Crawled caption data

=== Section Start ===

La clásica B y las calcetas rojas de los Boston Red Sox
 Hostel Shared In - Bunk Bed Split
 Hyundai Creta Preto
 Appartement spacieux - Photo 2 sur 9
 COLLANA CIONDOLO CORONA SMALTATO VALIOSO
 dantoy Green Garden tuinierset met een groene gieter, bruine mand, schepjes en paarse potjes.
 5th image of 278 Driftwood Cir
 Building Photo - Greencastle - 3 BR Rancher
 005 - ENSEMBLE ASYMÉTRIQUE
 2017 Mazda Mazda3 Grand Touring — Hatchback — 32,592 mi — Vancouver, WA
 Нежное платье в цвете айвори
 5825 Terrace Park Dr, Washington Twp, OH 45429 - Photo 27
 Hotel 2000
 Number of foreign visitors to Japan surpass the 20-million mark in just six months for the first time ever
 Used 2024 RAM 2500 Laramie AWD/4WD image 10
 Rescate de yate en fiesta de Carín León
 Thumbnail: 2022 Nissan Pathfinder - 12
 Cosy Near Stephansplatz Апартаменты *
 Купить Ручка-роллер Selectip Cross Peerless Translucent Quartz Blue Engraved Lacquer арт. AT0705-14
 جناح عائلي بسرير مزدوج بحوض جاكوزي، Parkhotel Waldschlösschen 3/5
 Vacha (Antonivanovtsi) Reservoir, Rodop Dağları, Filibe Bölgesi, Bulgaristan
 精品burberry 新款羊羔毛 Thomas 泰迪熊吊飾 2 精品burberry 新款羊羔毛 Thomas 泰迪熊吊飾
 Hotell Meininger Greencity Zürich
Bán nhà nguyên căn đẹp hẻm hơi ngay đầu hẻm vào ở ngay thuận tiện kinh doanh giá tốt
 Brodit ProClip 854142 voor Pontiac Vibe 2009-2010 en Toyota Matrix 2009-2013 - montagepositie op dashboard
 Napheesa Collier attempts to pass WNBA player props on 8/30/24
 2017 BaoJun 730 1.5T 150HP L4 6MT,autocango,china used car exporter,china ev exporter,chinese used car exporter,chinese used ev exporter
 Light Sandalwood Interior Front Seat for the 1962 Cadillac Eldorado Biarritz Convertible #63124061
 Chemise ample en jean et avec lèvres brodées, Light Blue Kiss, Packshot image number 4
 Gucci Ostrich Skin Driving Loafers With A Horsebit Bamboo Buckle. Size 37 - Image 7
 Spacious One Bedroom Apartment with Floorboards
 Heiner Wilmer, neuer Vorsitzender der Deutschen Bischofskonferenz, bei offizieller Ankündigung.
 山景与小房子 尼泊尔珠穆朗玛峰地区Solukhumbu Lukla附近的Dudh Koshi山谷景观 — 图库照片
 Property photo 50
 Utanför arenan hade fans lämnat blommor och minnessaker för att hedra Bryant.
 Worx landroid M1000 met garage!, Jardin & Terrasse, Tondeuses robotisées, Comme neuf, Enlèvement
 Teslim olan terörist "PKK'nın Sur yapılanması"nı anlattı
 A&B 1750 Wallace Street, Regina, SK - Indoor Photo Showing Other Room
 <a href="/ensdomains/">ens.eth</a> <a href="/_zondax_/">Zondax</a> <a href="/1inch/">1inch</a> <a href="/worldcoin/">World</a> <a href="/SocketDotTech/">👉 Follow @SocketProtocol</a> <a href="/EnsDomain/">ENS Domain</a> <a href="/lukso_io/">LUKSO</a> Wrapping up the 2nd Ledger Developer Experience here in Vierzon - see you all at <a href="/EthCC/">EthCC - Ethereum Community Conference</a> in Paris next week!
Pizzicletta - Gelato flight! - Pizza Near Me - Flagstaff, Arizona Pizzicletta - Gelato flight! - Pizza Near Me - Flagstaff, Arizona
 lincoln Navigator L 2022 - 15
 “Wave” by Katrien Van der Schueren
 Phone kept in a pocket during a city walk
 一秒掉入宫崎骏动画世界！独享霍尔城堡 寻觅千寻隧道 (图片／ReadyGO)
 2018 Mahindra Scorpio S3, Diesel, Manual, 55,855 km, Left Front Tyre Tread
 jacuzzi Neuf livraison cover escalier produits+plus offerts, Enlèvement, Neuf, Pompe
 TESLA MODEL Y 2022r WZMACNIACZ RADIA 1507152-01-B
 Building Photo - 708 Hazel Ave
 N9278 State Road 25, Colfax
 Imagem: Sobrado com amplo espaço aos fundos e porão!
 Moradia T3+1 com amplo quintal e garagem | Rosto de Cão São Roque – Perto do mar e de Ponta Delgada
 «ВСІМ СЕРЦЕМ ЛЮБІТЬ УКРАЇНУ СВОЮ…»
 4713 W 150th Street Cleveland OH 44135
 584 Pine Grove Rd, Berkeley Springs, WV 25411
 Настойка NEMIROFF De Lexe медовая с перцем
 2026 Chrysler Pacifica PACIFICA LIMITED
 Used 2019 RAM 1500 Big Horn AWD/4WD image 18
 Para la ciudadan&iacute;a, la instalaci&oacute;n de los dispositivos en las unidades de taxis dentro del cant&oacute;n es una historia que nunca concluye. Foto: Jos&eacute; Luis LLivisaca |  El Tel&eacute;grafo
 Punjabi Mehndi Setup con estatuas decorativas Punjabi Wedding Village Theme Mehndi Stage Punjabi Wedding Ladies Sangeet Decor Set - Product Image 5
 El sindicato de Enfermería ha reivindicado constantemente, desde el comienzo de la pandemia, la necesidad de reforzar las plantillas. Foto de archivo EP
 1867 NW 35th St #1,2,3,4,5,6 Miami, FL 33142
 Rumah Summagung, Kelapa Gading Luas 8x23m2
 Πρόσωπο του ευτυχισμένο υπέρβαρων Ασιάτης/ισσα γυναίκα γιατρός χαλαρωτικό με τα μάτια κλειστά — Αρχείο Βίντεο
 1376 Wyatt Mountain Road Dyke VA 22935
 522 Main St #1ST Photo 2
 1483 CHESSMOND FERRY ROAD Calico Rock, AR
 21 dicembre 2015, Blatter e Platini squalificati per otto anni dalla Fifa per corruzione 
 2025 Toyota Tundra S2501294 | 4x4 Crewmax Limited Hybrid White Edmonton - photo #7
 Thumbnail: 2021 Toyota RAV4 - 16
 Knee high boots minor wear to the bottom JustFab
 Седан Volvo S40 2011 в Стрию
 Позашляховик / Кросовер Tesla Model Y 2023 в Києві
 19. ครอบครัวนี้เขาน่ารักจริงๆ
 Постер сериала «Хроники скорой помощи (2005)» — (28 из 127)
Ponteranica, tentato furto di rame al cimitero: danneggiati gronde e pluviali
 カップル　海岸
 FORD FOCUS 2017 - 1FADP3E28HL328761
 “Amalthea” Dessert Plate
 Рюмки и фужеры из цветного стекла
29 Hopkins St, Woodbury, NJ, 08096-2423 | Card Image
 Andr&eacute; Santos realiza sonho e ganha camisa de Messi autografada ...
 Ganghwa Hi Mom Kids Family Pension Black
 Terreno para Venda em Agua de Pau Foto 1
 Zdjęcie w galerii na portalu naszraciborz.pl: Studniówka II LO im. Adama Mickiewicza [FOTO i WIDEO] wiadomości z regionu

=== Section End ===

Return the records in full. Omit nothing.

La clásica B y las calcetas rojas de los Boston Red Sox
 Hostel Shared In - Bunk Bed Split
 Hyundai Creta Preto
 Appartement spacieux - Photo 2 sur 9
 COLLANA CIONDOLO CORONA SMALTATO VALIOSO
 dantoy Green Garden tuinierset met een groene gieter, bruine mand, schepjes en paarse potjes.
 5th image of 278 Driftwood Cir
 Building Photo - Greencastle - 3 BR Rancher
 005 - ENSEMBLE ASYMÉTRIQUE
 2017 Mazda Mazda3 Grand Touring — Hatchback — 32,592 mi — Vancouver, WA
 Нежное платье в цвете айвори
 5825 Terrace Park Dr, Washington Twp, OH 45429 - Photo 27
 Hotel 2000
 Number of foreign visitors to Japan surpass the 20-million mark in just six months for the first time ever
 Used 2024 RAM 2500 Laramie AWD/4WD image 10
 Rescate de yate en fiesta de Carín León
 Thumbnail: 2022 Nissan Pathfinder - 12
 Cosy Near Stephansplatz Апартаменты *
 Купить Ручка-роллер Selectip Cross Peerless Translucent Quartz Blue Engraved Lacquer арт. AT0705-14
 جناح عائلي بسرير مزدوج بحوض جاكوزي، Parkhotel Waldschlösschen 3/5
 Vacha (Antonivanovtsi) Reservoir, Rodop Dağları, Filibe Bölgesi, Bulgaristan
 精品burberry 新款羊羔毛 Thomas 泰迪熊吊飾 2 精品burberry 新款羊羔毛 Thomas 泰迪熊吊飾
 Hotell Meininger Greencity Zürich
Bán nhà nguyên căn đẹp hẻm hơi ngay đầu hẻm vào ở ngay thuận tiện kinh doanh giá tốt
 Brodit ProClip 854142 voor Pontiac Vibe 2009-2010 en Toyota Matrix 2009-2013 - montagepositie op dashboard
 Napheesa Collier attempts to pass WNBA player props on 8/30/24
 2017 BaoJun 730 1.5T 150HP L4 6MT,autocango,china used car exporter,china ev exporter,chinese used car exporter,chinese used ev exporter
 Light Sandalwood Interior Front Seat for the 1962 Cadillac Eldorado Biarritz Convertible #63124061
 Chemise ample en jean et avec lèvres brodées, Light Blue Kiss, Packshot image number 4
 Gucci Ostrich Skin Driving Loafers With A Horsebit Bamboo Buckle. Size 37 - Image 7
 Spacious One Bedroom Apartment with Floorboards
 Heiner Wilmer, neuer Vorsitzender der Deutschen Bischofskonferenz, bei offizieller Ankündigung.
 山景与小房子 尼泊尔珠穆朗玛峰地区Solukhumbu Lukla附近的Dudh Koshi山谷景观 — 图库照片
 Property photo 50
 Utanför arenan hade fans lämnat blommor och minnessaker för att hedra Bryant.
 Worx landroid M1000 met garage!, Jardin & Terrasse, Tondeuses robotisées, Comme neuf, Enlèvement
 Teslim olan terörist "PKK'nın Sur yapılanması"nı anlattı
 A&B 1750 Wallace Street, Regina, SK - Indoor Photo Showing Other Room
 <a href="/ensdomains/">ens.eth</a> <a href="/_zondax_/">Zondax</a> <a href="/1inch/">1inch</a> <a href="/worldcoin/">World</a> <a href="/SocketDotTech/">👉 Follow @SocketProtocol</a> <a href="/EnsDomain/">ENS Domain</a> <a href="/lukso_io/">LUKSO</a> Wrapping up the 2nd Ledger Developer Experience here in Vierzon - see you all at <a href="/EthCC/">EthCC - Ethereum Community Conference</a> in Paris next week!
Pizzicletta - Gelato flight! - Pizza Near Me - Flagstaff, Arizona Pizzicletta - Gelato flight! - Pizza Near Me - Flagstaff, Arizona
 lincoln Navigator L 2022 - 15
 “Wave” by Katrien Van der Schueren
 Phone kept in a pocket during a city walk
 一秒掉入宫崎骏动画世界！独享霍尔城堡 寻觅千寻隧道 (图片／ReadyGO)
 2018 Mahindra Scorpio S3, Diesel, Manual, 55,855 km, Left Front Tyre Tread
 jacuzzi Neuf livraison cover escalier produits+plus offerts, Enlèvement, Neuf, Pompe
 TESLA MODEL Y 2022r WZMACNIACZ RADIA 1507152-01-B
 Building Photo - 708 Hazel Ave
 N9278 State Road 25, Colfax
 Imagem: Sobrado com amplo espaço aos fundos e porão!
 Moradia T3+1 com amplo quintal e garagem | Rosto de Cão São Roque – Perto do mar e de Ponta Delgada
 «ВСІМ СЕРЦЕМ ЛЮБІТЬ УКРАЇНУ СВОЮ…»
 4713 W 150th Street Cleveland OH 44135
 584 Pine Grove Rd, Berkeley Springs, WV 25411
 Настойка NEMIROFF De Lexe медовая с перцем
 2026 Chrysler Pacifica PACIFICA LIMITED
 Used 2019 RAM 1500 Big Horn AWD/4WD image 18
 Para la ciudadan&iacute;a, la instalaci&oacute;n de los dispositivos en las unidades de taxis dentro del cant&oacute;n es una historia que nunca concluye. Foto: Jos&eacute; Luis LLivisaca |  El Tel&eacute;grafo
 Punjabi Mehndi Setup con estatuas decorativas Punjabi Wedding Village Theme Mehndi Stage Punjabi Wedding Ladies Sangeet Decor Set - Product Image 5
 El sindicato de Enfermería ha reivindicado constantemente, desde el comienzo de la pandemia, la necesidad de reforzar las plantillas. Foto de archivo EP
 1867 NW 35th St #1,2,3,4,5,6 Miami, FL 33142
 Rumah Summagung, Kelapa Gading Luas 8x23m2
 Πρόσωπο του ευτυχισμένο υπέρβαρων Ασιάτης/ισσα γυναίκα γιατρός χαλαρωτικό με τα μάτια κλειστά — Αρχείο Βίντεο
 1376 Wyatt Mountain Road Dyke VA 22935
 522 Main St #1ST Photo 2
 1483 CHESSMOND FERRY ROAD Calico Rock, AR
 21 dicembre 2015, Blatter e Platini squalificati per otto anni dalla Fifa per corruzione 
 2025 Toyota Tundra S2501294 | 4x4 Crewmax Limited Hybrid White Edmonton - photo #7
 Thumbnail: 2021 Toyota RAV4 - 16
 Knee high boots minor wear to the bottom JustFab
 Седан Volvo S40 2011 в Стрию
 Позашляховик / Кросовер Tesla Model Y 2023 в Києві
 19. ครอบครัวนี้เขาน่ารักจริงๆ
 Постер сериала «Хроники скорой помощи (2005)» — (28 из 127)
Ponteranica, tentato furto di rame al cimitero: danneggiati gronde e pluviali
 カップル　海岸
 FORD FOCUS 2017 - 1FADP3E28HL328761
 “Amalthea” Dessert Plate
 Рюмки и фужеры из цветного стекла
29 Hopkins St, Woodbury, NJ, 08096-2423 | Card Image
 Andr&eacute; Santos realiza sonho e ganha camisa de Messi autografada ...
 Ganghwa Hi Mom Kids Family Pension Black
 Terreno para Venda em Agua de Pau Foto 1
 Zdjęcie w galerii na portalu naszraciborz.pl: Studniówka II LO im. Adama Mickiewicza [FOTO i WIDEO] wiadomości z regionu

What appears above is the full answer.